Obsessive-compulsive disorder and immunocompetence.

Author information

1
Boston University, Massachusetts, USA. dinn@bu.edu

Abstract

OBJECTIVE:

A postinfectious, autoimmune response may be associated with the development of pediatric obsessive-compulsive disorder (OCD). According to this model, antistreptococcal antibodies cross-react with basal ganglia neurons following streptococcus infection. This autoimmune reaction disrupts a basal ganglia-thalamocortical circuit and generates obsessive-compulsive symptoms. One implication of this model is that prolonged immunologic stress may be a risk factor for OCD. That is, immunologic stress may compromise the blood-brain barrier and permit the influx of antistriatal antibodies into the central nervous system. This article explores one part of this putative relationship by investigating whether adult OCD patients, compared to members of other psychiatric groups, demonstrate a higher incidence of recurrent infections and other conditions suggestive of compromised immune function.

METHOD:

To test this hypothesis, we conducted a medical records review of 100 consecutive patients evaluated at a private psychiatric clinic specializing in the treatment of anxiety disorders. Sixty-five patients met diagnostic criteria for an Axis-I syndrome. Primary diagnoses included OCD, posttraumatic stress disorder, social anxiety disorder, generalized anxiety disorder, panic disorder with agoraphobia, and dysthymic disorder.
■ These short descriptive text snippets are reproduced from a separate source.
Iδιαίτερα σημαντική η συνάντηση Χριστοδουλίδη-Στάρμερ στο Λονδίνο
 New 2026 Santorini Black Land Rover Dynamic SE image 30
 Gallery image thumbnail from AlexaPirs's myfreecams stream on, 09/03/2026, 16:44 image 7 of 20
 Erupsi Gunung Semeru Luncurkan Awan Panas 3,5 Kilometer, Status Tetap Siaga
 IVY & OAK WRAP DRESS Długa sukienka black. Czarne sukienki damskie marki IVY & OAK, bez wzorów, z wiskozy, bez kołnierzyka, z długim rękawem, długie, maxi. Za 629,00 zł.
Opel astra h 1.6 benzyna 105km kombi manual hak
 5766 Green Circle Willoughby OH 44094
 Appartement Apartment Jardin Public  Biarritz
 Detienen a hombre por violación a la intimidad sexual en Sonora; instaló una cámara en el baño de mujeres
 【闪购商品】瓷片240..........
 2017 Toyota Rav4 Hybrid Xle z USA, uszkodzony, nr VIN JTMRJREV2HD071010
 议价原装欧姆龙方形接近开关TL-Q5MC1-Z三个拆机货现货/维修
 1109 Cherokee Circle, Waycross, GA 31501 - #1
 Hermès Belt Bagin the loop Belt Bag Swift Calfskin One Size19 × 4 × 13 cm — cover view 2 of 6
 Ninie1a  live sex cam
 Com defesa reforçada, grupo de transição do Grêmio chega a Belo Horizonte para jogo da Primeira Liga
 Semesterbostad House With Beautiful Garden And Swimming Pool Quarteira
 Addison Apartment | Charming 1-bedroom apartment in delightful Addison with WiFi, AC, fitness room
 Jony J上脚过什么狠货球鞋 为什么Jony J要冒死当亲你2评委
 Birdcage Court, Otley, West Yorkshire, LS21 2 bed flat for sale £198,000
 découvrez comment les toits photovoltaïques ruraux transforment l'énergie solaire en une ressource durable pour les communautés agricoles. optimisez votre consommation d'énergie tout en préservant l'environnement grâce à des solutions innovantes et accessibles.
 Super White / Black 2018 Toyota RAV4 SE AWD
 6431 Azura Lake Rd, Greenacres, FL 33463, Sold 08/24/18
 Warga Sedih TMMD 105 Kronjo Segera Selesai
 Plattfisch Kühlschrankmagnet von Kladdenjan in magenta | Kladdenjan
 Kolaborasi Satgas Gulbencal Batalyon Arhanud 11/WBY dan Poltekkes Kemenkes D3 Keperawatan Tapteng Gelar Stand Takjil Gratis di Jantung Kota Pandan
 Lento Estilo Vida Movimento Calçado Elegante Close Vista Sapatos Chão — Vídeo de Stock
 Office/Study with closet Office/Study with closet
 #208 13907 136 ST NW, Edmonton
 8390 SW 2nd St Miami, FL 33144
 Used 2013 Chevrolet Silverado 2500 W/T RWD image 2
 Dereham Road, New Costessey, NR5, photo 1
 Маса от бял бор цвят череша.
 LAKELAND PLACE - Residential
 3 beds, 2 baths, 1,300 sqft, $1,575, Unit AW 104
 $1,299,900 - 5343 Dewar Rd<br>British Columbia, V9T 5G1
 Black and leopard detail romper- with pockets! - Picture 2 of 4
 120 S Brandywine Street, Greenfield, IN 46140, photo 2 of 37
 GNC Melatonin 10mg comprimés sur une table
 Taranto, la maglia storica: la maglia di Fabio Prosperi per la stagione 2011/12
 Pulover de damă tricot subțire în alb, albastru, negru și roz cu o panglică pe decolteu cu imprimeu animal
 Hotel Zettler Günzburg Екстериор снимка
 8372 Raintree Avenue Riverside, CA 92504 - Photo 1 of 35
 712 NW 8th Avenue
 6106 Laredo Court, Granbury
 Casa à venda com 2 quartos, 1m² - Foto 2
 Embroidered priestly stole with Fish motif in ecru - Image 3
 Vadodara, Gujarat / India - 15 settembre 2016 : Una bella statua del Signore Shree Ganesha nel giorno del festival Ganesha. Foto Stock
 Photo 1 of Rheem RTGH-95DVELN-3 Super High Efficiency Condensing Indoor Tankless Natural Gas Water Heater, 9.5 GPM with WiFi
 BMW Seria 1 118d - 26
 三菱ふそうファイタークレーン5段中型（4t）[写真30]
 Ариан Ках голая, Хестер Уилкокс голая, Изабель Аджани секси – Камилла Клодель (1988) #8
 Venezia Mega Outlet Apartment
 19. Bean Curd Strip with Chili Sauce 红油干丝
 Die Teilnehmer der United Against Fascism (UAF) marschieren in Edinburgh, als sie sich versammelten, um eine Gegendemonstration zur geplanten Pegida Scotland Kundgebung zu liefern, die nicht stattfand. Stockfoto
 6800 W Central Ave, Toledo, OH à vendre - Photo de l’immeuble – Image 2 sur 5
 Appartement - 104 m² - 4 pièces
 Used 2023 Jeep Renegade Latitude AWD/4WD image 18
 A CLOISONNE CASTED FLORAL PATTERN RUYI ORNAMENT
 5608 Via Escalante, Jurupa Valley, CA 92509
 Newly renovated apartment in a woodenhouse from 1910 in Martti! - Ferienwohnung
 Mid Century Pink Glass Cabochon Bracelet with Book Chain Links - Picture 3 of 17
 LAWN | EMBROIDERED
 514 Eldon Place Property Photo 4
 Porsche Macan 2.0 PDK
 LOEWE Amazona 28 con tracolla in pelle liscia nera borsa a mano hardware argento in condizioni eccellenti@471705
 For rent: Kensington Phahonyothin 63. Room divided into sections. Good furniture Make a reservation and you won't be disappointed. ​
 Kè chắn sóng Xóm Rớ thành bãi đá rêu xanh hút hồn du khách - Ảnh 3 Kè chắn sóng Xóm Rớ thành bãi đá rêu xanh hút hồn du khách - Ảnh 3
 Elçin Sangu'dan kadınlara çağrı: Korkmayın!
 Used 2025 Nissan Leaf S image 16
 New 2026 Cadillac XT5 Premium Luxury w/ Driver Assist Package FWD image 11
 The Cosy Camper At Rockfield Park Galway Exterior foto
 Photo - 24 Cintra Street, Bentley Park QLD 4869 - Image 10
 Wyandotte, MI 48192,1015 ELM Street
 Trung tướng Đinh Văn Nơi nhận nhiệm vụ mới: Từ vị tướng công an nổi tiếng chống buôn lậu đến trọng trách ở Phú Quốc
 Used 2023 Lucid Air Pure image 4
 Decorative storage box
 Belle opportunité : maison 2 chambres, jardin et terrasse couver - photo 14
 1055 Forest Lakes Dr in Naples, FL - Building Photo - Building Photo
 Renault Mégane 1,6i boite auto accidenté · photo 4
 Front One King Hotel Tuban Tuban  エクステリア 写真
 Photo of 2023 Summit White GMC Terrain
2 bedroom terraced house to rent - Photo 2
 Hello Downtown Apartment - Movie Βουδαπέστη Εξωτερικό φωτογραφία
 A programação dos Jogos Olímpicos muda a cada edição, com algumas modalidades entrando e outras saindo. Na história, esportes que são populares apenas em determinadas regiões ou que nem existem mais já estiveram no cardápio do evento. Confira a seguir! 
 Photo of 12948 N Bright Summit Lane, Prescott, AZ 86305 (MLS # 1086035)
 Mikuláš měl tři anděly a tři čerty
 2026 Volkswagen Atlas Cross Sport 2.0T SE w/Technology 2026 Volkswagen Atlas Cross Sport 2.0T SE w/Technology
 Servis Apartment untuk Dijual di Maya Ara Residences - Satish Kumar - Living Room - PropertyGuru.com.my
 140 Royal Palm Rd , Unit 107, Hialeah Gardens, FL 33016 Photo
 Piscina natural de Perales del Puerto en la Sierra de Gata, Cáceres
Each medical record was reviewed for the presence of target syndromes or presenting symptoms suggestive of compromised immune function.

RESULTS:

Chart review revealed an increased rate of immune-related symptoms and syndromes among OCD patients in comparison to other anxiety and mood disorder groups. Groups did not differ significantly in the incidence of non-immune symptoms and syndromes.

CONCLUSION:

Adult OCD patients appear to have an increased rate of immune-related diseases above and beyond that seen in other psychiatric disorders.

PMID:
11841128
DOI:
10.2190/F0BA-BN4F-61KA-UD99
[Indexed for MEDLINE]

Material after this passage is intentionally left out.